2

I have a new project where I need to generate a DOCX. My client has provided me with an existing DOCX where I need to replace some placeholders with some customer data from the database. As if this isn’t challenging enough, there are certain parts that are optional based on some conditions using the customer data. So I will have to provide some logic to totally omit some parts of the DOCX.

After way too much research and some POC’s, I’ve come across a new approach. I’ve saved the DOCX as a Word XML Document. This creates a big XML file with everything in it, even the images are encoded as base64. After doing that I copied the content of the XML file to a T4-template. Doing this allows me to add dynamic content based on the customer data and generate a Word XML Document in my code as a large string.

But now I’m stuck at creating a Docx again based on the Word XML Document string. I’ve tried using the OpenXml Sdk but can’t find any real documentation on how to do this. After some experimentation I ended up with the code below but it doesn’t parse XML (Data at the root level is invalid. Line 1, position 1).

As a second attempt, I tried out some suggestion from another post but this results in another exception (The XML has invalid content and cannot be constructed as an element. (Parameter 'outerXml'))

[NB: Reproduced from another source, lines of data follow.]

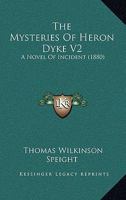 The Mysteries Of Heron Dyke V2: A Novel Of Incident 1165110229 Book Cover
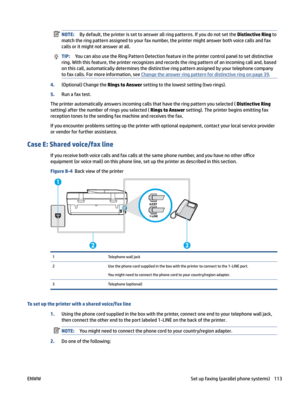 Page 119NOTE:Bydefault,theprinterissettoanswerallringpatterns.IfyoudonotsettheDistinctiveRingto
matchtheringpatternassignedtoyourfaxnumber,theprintermightanswerbothvoicecallsandfax
callsoritmightnotansweratall.TIP:YoucanalsousetheRingPatternDetectionfeatureintheprintercontrolpaneltosetdistinctive
ring.Withthisfeature,theprinterrecognizesandrecordstheringpatternofanincomingcalland,based...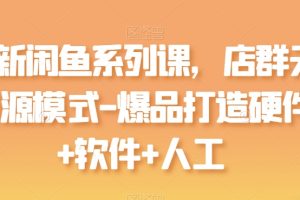 最新闲鱼系列课，店群无货源模式-爆品打造硬件+软件+人工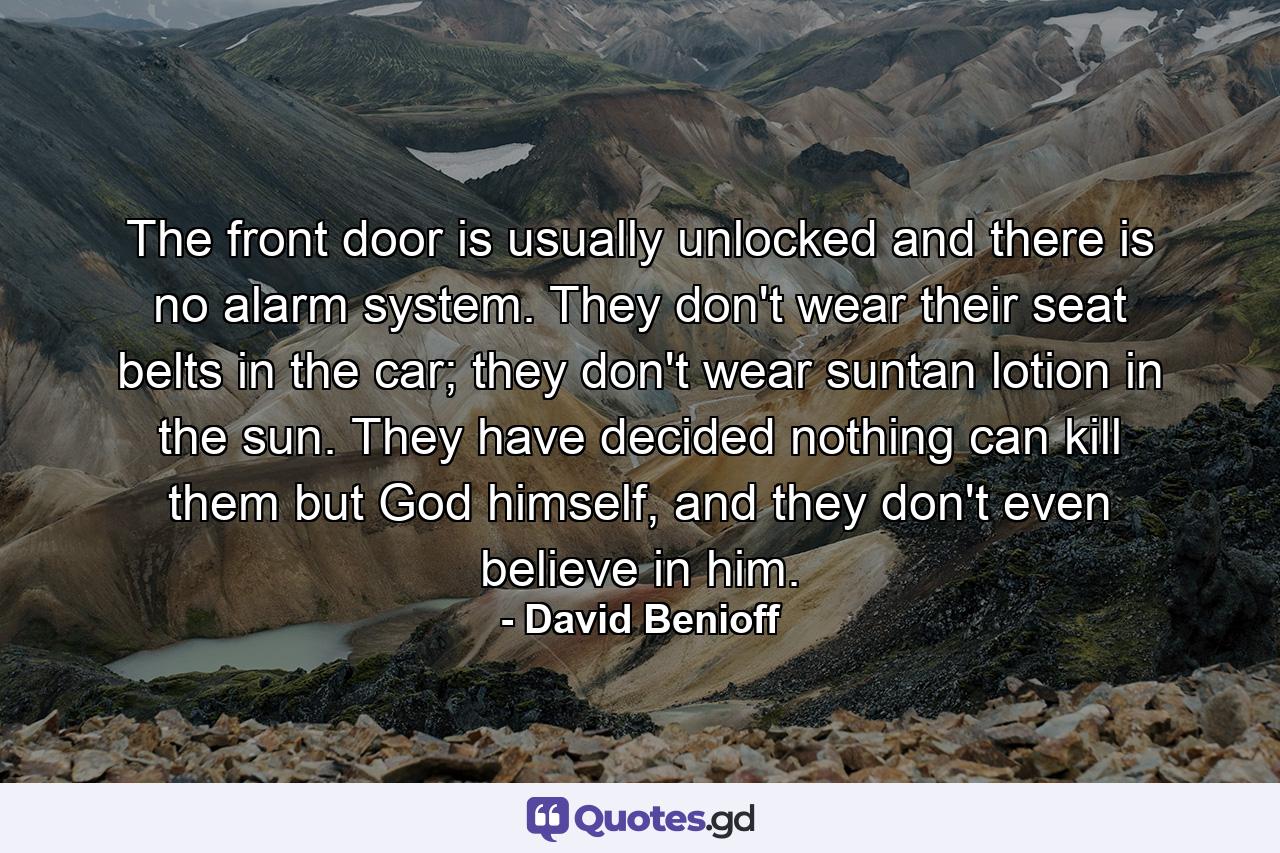 The front door is usually unlocked and there is no alarm system. They don't wear their seat belts in the car; they don't wear suntan lotion in the sun. They have decided nothing can kill them but God himself, and they don't even believe in him. - Quote by David Benioff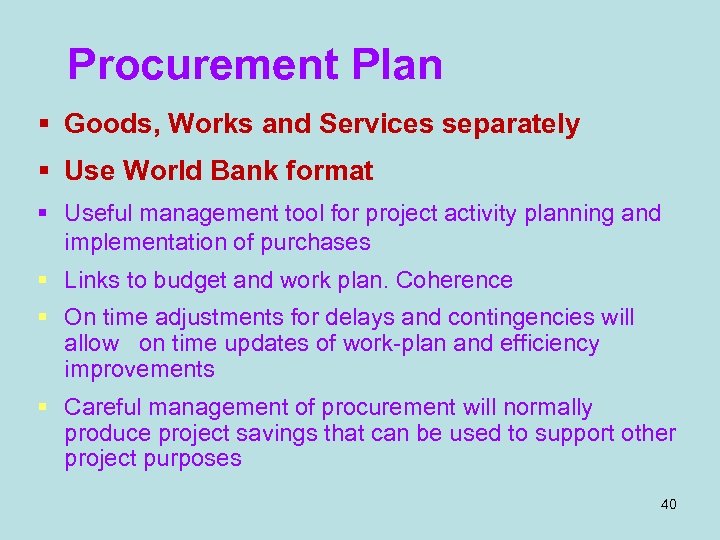 Procurement Plan § Goods, Works and Services separately § Use World Bank format §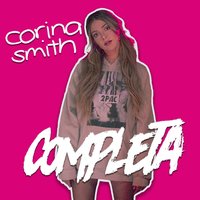 Completa - Corina Smith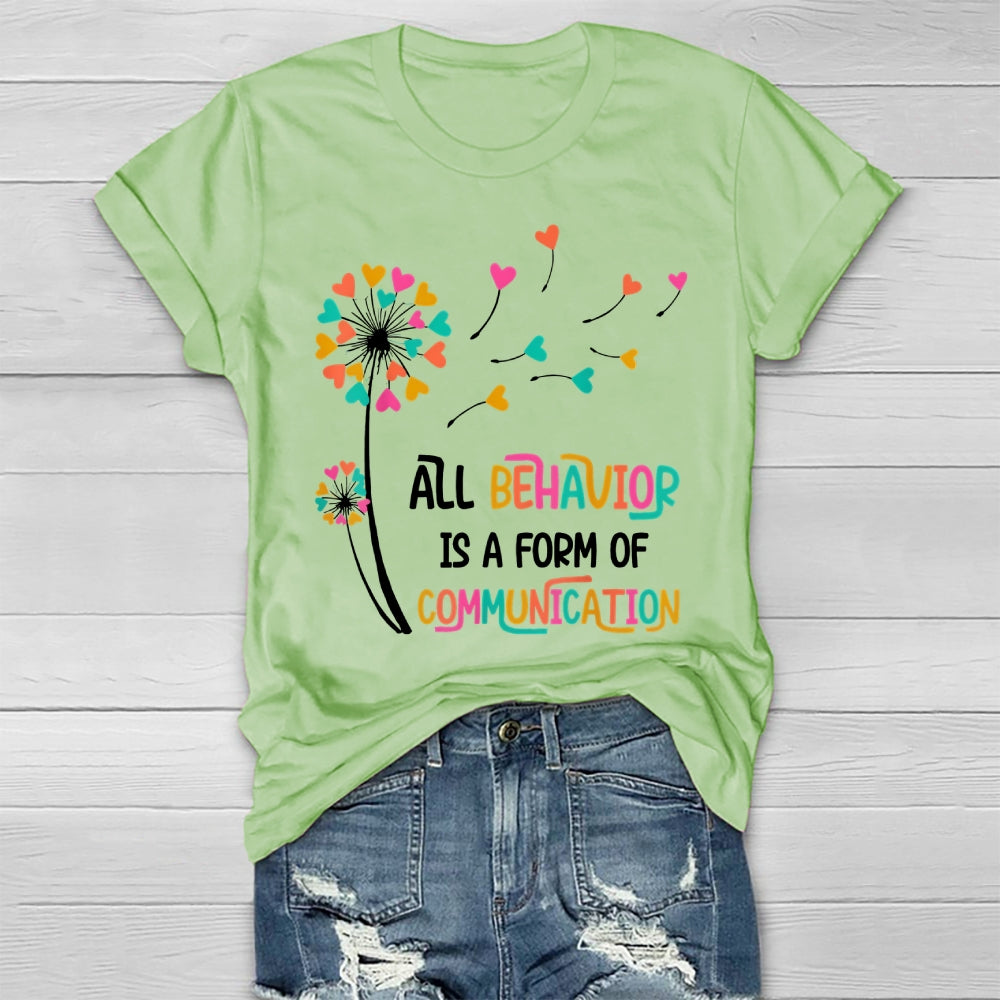 All Behavior Is A Form Of Communication Healthwear T-shirt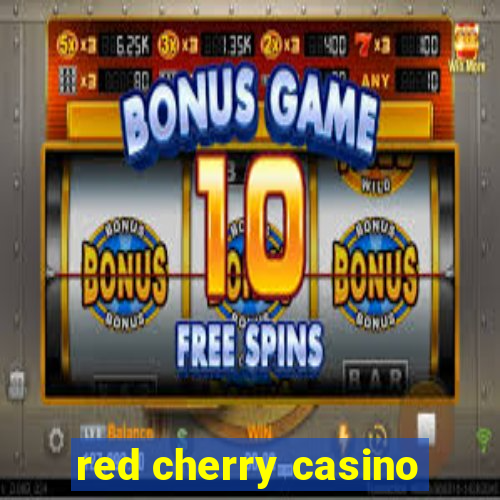 red cherry casino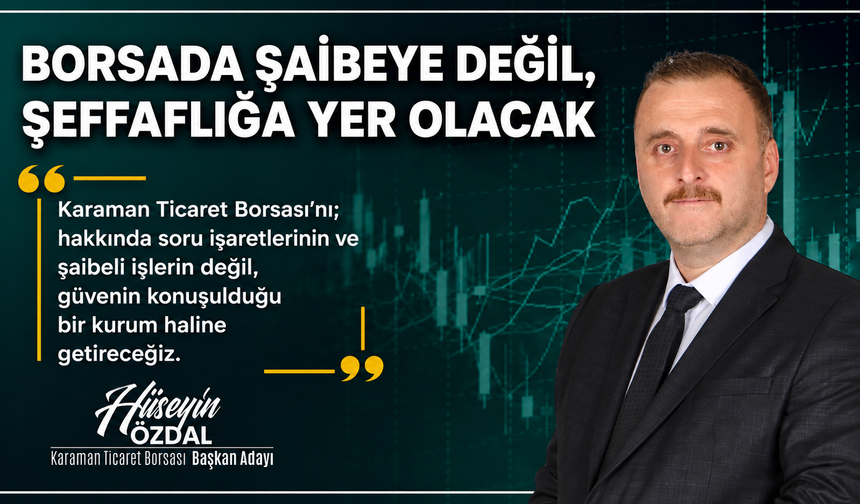 ÖZDAL: "BORSAMIZDA ŞAİBEYE DEĞİL, ŞEFFAFLIĞA YER OLACAK"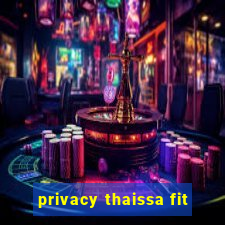 privacy thaissa fit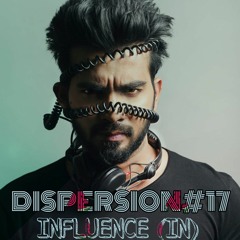 INFLUENCE (IN) - DISPERSION#17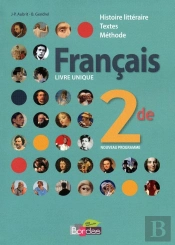 Francais ; 2nde ; Livre Unique (Edition 2011)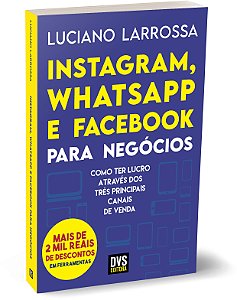 Livro Instagram, WhatsApp e Facebook para Negócios: Como ...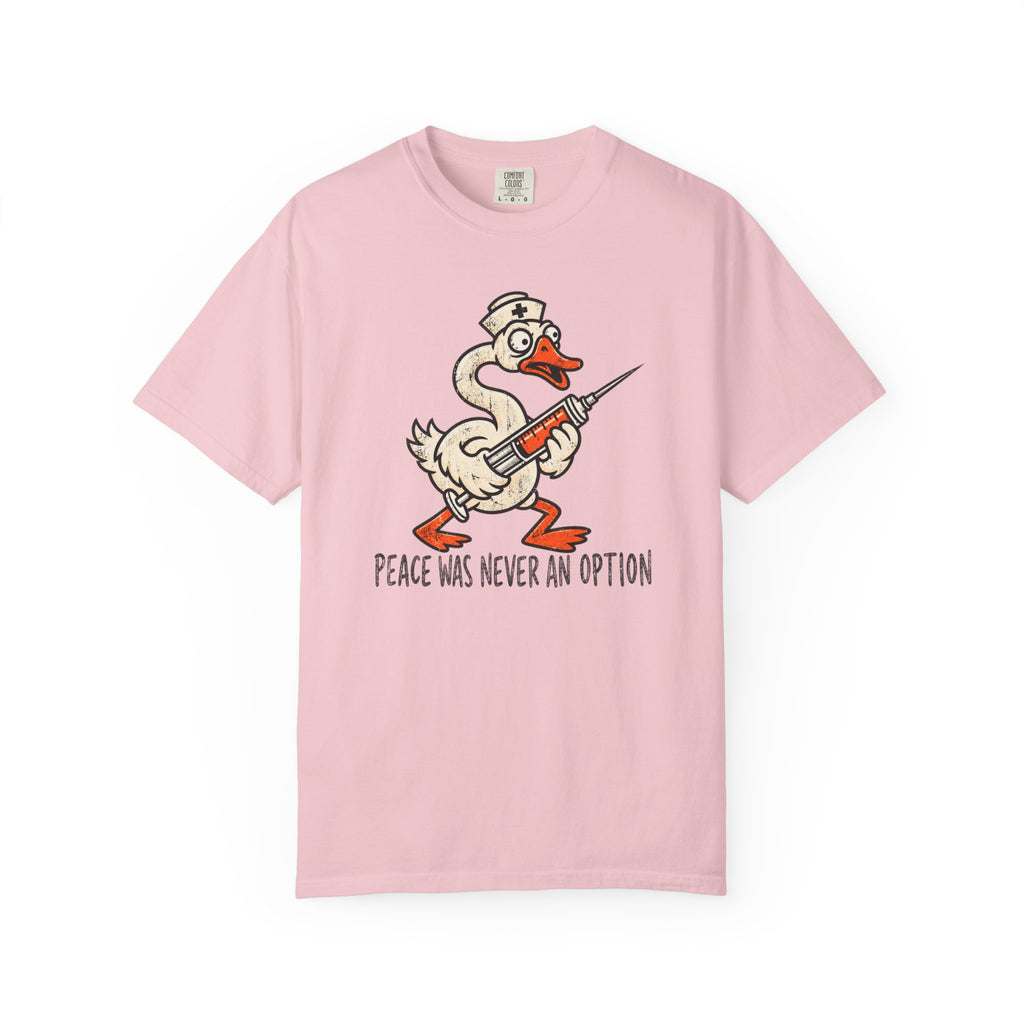 Peace Was Never An Option T-Shirt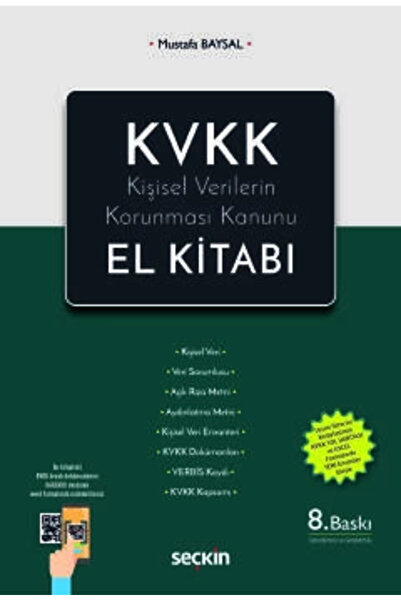 Seçkin Yayıncılık KVKK – Kişisel Verilerin Korunması Kanunu El Kitabı Mustafa Baysal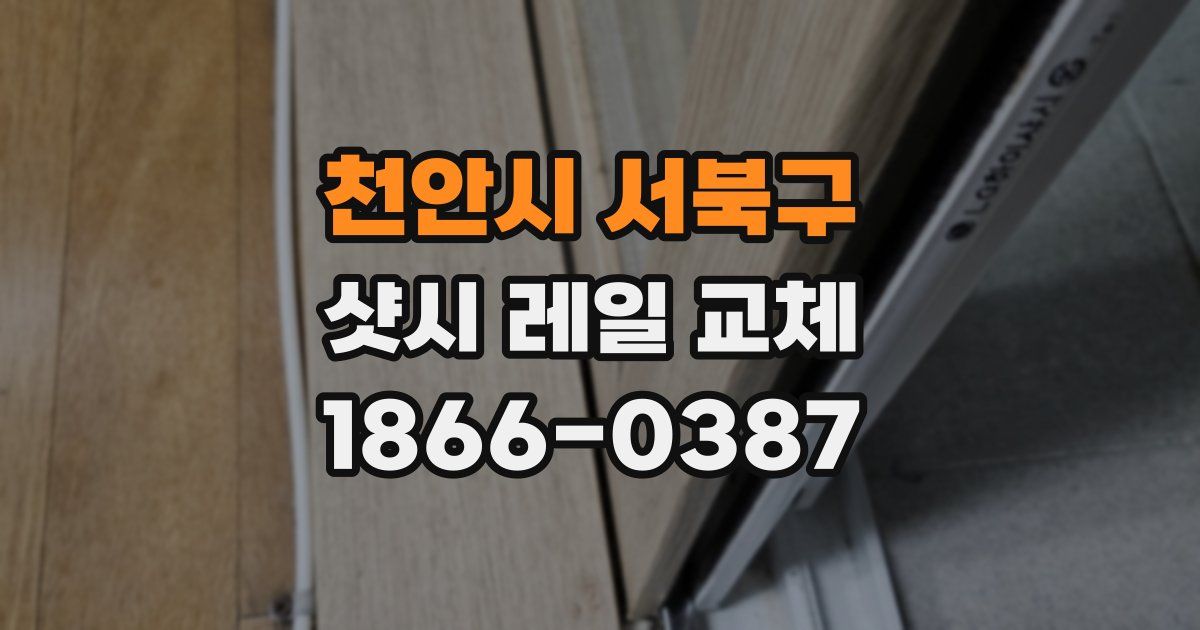 천안시 서북구 샷시 레일 교체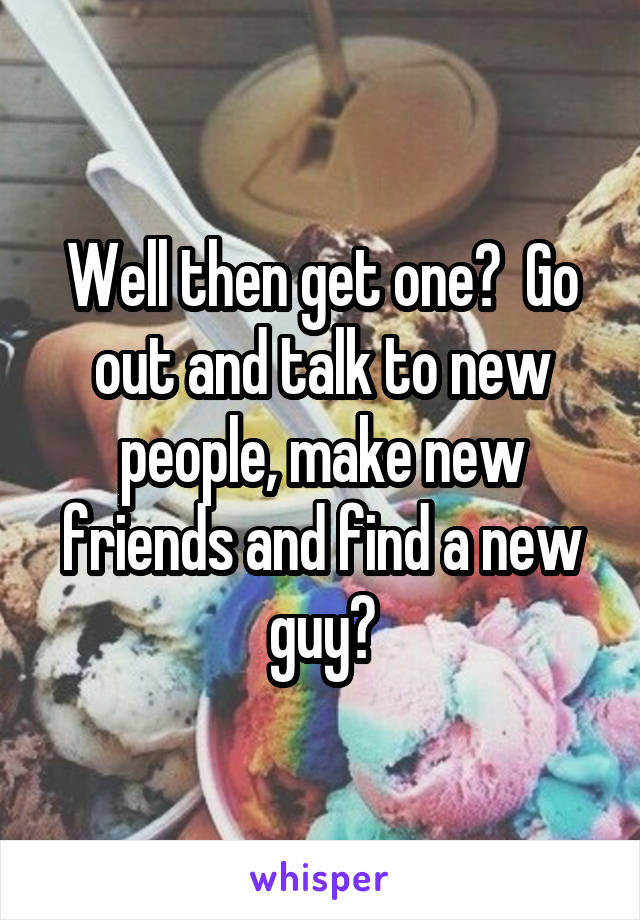 Well then get one?  Go out and talk to new people, make new friends and find a new guy?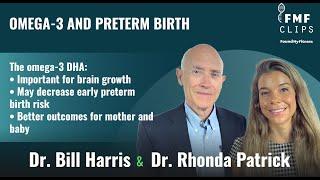 Does omega-3 DHA prevent preterm birth? | Dr. Bill Harris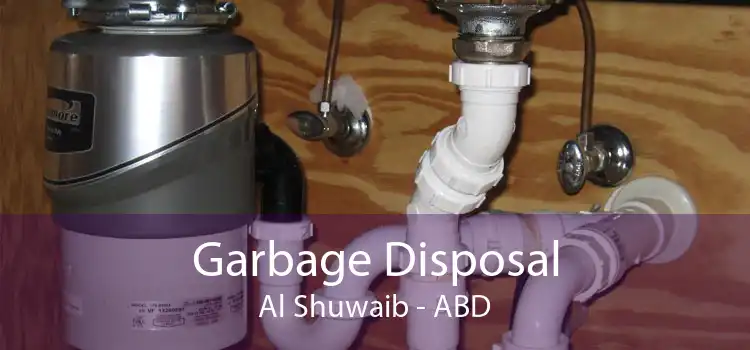 Garbage Disposal Al Shuwaib - ABD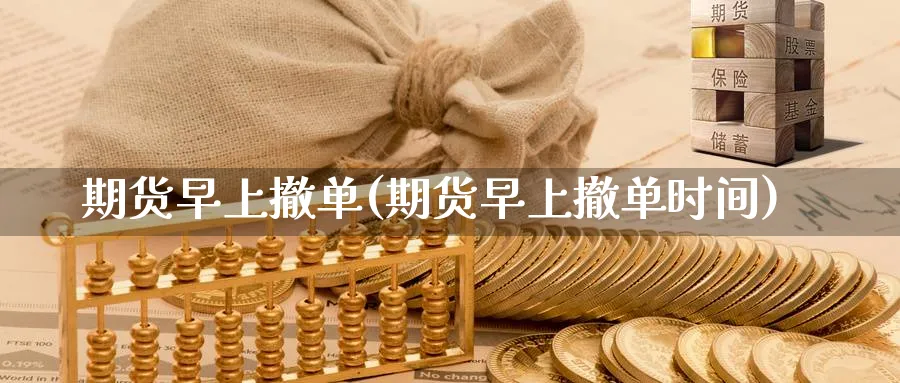 期货早上撤单(期货早上撤单时间)_期货直播_第1张_青花期货直播间 期货早上撤单(期货早上撤单时间)_https://qh.ynbygsw.com_期货直播_第1张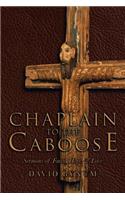 Chaplain to the Caboose: Sermons of Faith, Hope & Love(English)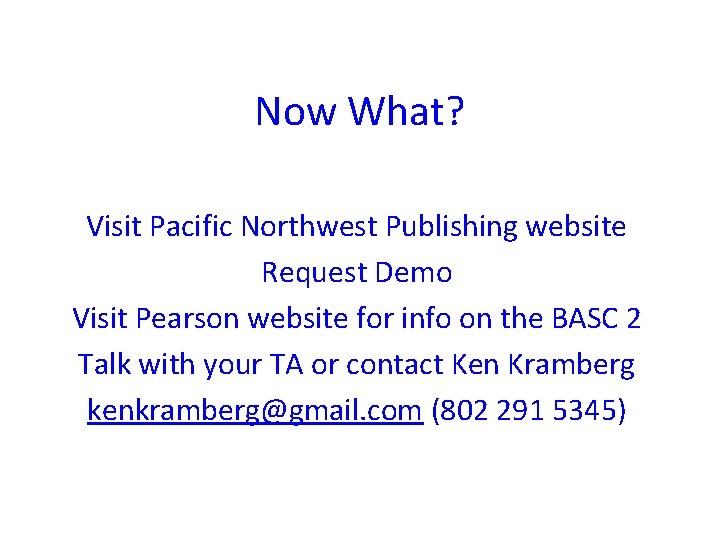 Now What? Visit Pacific Northwest Publishing website Request Demo Visit Pearson website for info
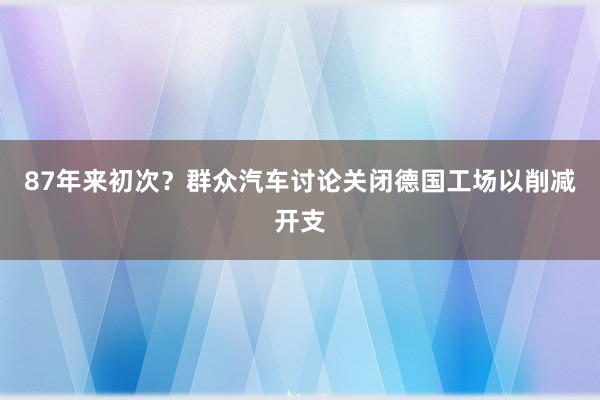 87年来初次？群众汽车讨论关闭德国工场以削减开支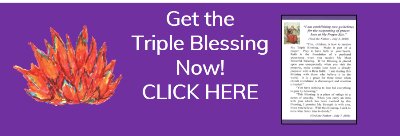 Get the Triple Blessing Now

Is there a way to do this or should I just leave the T4-template and try another approach? Another problem with the T4-template is the size of some the images, it results in a long base64 string that just generates way too much lines. I guess I could replace the images with placeholders and swap them just before I create the XML...

    public FileData CreateDocx(string title, string xml)
    {
        using (MemoryStream generatedDocument = new MemoryStream())
        {
            using (WordprocessingDocument package =
                WordprocessingDocument.Create(generatedDocument, WordprocessingDocumentType.Document))
            {
                var mainPart = package.AddMainDocumentPart();
                //First attempt
                //new Document(xml).Save(mainPart);

                var doc = new XmlDocument();
                doc.LoadXml(xml);
                new Document(doc.OuterXml).Save(mainPart);
            }

            return new FileData(title, generatedDocument.ToArray());
        }
    }
Beejee
  • 1,836
  • 2
  • 17
  • 31
  • I think [microsoft.office.interop.word](https://learn.microsoft.com/en-us/dotnet/api/microsoft.office.interop.word?view=word-pia) has all the stuff that you need. – Luuk Feb 06 '21 at 17:44
  • Perhaps try DocX: https://github.com/xceedsoftware/DocX It has a much cleaner API than Microsoft – Thomas Weller Feb 06 '21 at 18:39
  • Isn't it discouraged to use this on a webserver? I will have to have a office license installed on it to make us of the library. – Beejee Feb 06 '21 at 18:40
  • @Thomas I could try it out as it would fix some problems but how would I be able to remove sections from the document based on a condition? Do you have an example I could use? – Beejee Feb 06 '21 at 18:50
  • Can you post an image of the existing .docx (or one that has a similar format). What are the "placeholders" and how do you determine if something is a placeholder? – Tu deschizi eu inchid Feb 06 '21 at 19:05
  • I would just add some unique text like {{Customer name}} as placeholder. For the most part it consist of paragraphs and a lot of images. Some paragraphs and images, sections of the document, should be removed if the customer is not of the correct type. At the end there is also a table where based on the order some rows should be removed. Furthermore the whole document contains a page header and footer on each page except the first. The first is an image with some overlay text. – Beejee Feb 06 '21 at 19:18
  • I would use openXML Powertools or Aspose.Words. https://github.com/EricWhiteDev/Open-Xml-PowerTools – Herr Kater Feb 06 '21 at 19:24
  • @Herr Kater, I've already tried the powertoold out but couldn't find out how to use it to my advantage. Could you provide any more details about how to use it in my scenario? – Beejee Feb 06 '21 at 19:33
  • 1
    This explains how to prepare your template: http://www.ericwhite.com/blog/getting-started-with-open-xml-powertools-documentassembler/ This one shows how to transform the template: https://github.com/EricWhiteDev/Open-Xml-PowerTools/blob/vNext/OpenXmlPowerToolsExamples/DocumentAssembler/DocumentAssembler.cs – Herr Kater Feb 07 '21 at 16:24

1 Answers1

1

Based on the feedback of Thomas Weller, I tried out DocX. This library makes it way easier to open/duplicate/create DOCX files. After some research I totally changed my approach. I ended up using the existing DOCX as a template.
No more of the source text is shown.